Os males e reflexos de um crime que manchou a humanidade
O tráfico transatlântico de escravizados, que se estendeu do século XVI ao XIX, representa uma das maiores tragédias da história humana. Mais do que um sistema econômico, foi um mecanismo de desumanização sistemática: estima-se que 12,5 a 30 milhões de africanos foram arrancados de suas terras, acorrentados e transportados em condições desumanas para as Américas e o Caribe. Apenas no tráfico transatlântico, que abasteceu as Américas, calcula-se que 12 milhões de pessoas tenham sido embarcadas, sendo que até 2 milhões morreram durante a travessia, jogadas ao mar como se fossem descartáveis.
Os reflexos desse crime perduram até hoje. Estudos acadêmicos demonstram que os países africanos mais afetados pelo tráfico apresentam hoje um PIB per capita significativamente menor do que seus vizinhos menos afetados. O economista Nathan Nunn, da Universidade Harvard, estimou que o tráfico de escravizados é responsável por até 47% da disparidade de renda entre o continente africano e o resto do mundo. A herança do sistema escravocrata consolidou hierarquias raciais, desestruturou laços sociais e institucionais na África, e estabeleceu padrões de desconfiança que persistem por gerações.
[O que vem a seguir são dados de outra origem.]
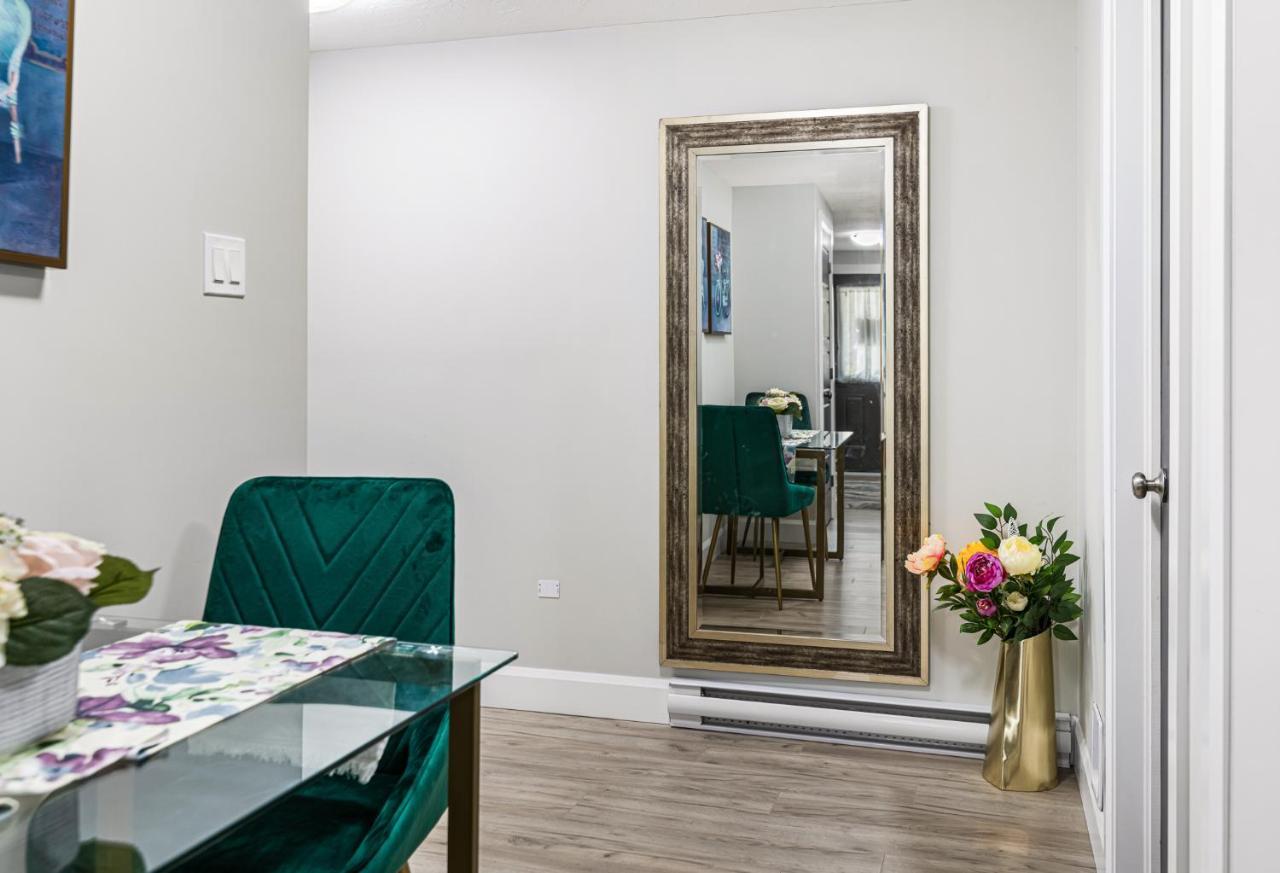 One Bedroom Apartment Moncton North ! Exterior foto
Países praticantes e a riqueza extraída do trabalho forçado
Os principais países envolvidos no tráfico e na exploração da mão de obra escravizada foram Portugal, Reino Unido, França, Espanha, Países Baixos, Dinamarca, Suécia e Estados Unidos. Portugal foi o maior traficante europeu, responsável pela exportação de cerca de 4,5 milhões de africanos para as Américas entre os séculos XV e XIX. Durante mais de três séculos, esses países acumularam fortunas colossais às custas do trabalho não remunerado e da violência extrema.
A escravidão foi a base da Revolução Industrial e do capitalismo moderno. Cidades como Liverpool, Londres, Bristol, Nantes, Bordeaux, Amsterdã e Nova York tiveram seu crescimento urbano e industrial diretamente financiado pelos lucros do tráfico e do trabalho escravo. O setor financeiro também foi profundamente beneficiado: bancos britânicos tradicionais, como Barclays e Lloyds, acumularam seu capital inicial através do financiamento de navios negreiros e plantações escravistas.
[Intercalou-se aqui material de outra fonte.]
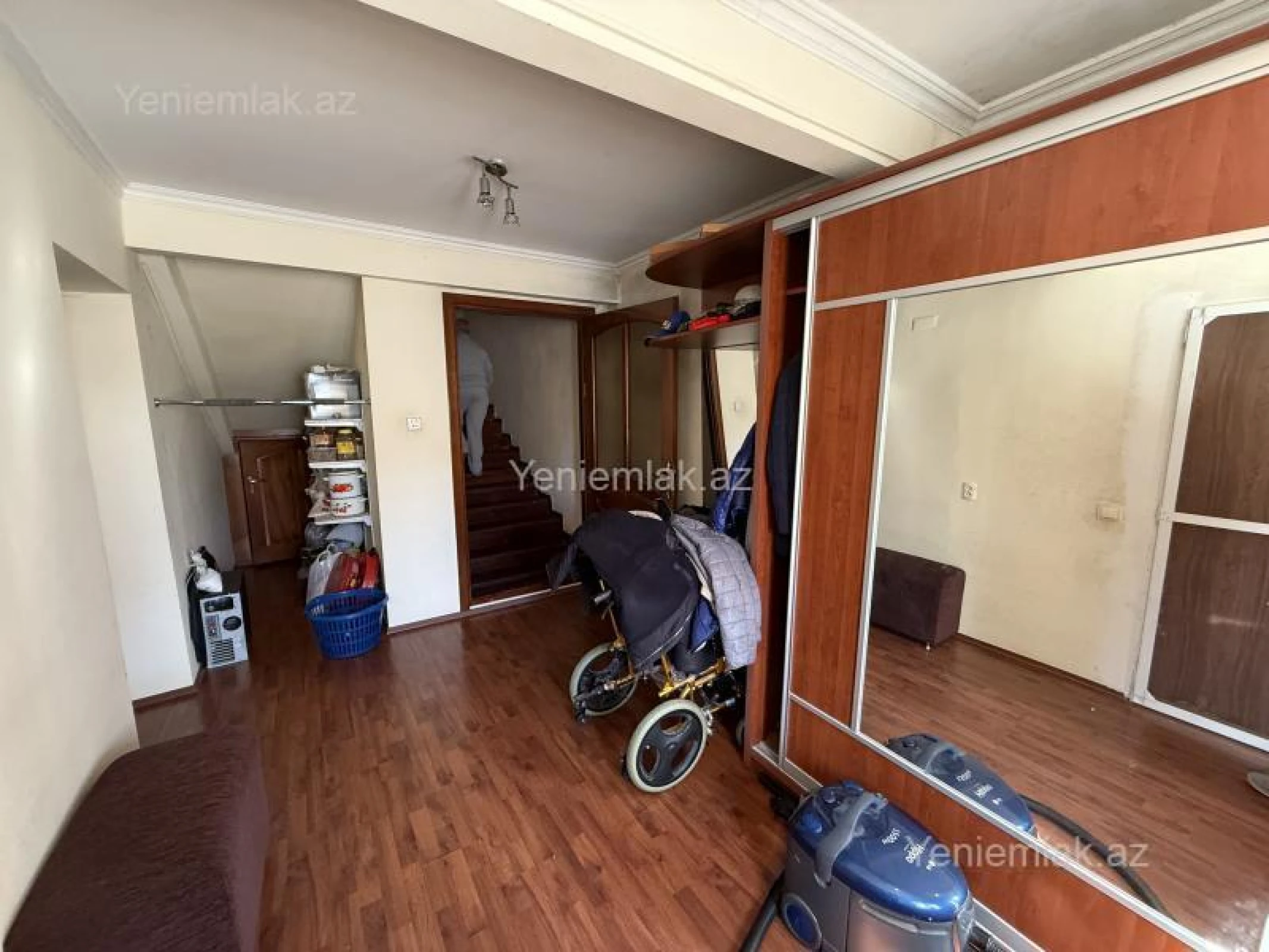 Satılır 5 otaqlı həyət evi 250 m²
Em termos quantitativos, o impacto econômico global do tráfico e de seu legado alcança cifras astronômicas:
- Estados Unidos: Estima-se que, entre 1619 e 1865, o trabalho forçado de africanos escravizados gerou o equivalente a US$ 100 trilhões em horas de trabalho não remunerado, considerando juros compostos de 6% ao ano.
- Reino Unido: Entre 1761 e 1808, os traficantes britânicos embolsaram cerca de US$ 96,5 milhões (equivalente a US$ 13 bilhões em valores atuais) apenas com a venda de africanos escravizados, sem contar os lucros recorrentes do trabalho nas colônias.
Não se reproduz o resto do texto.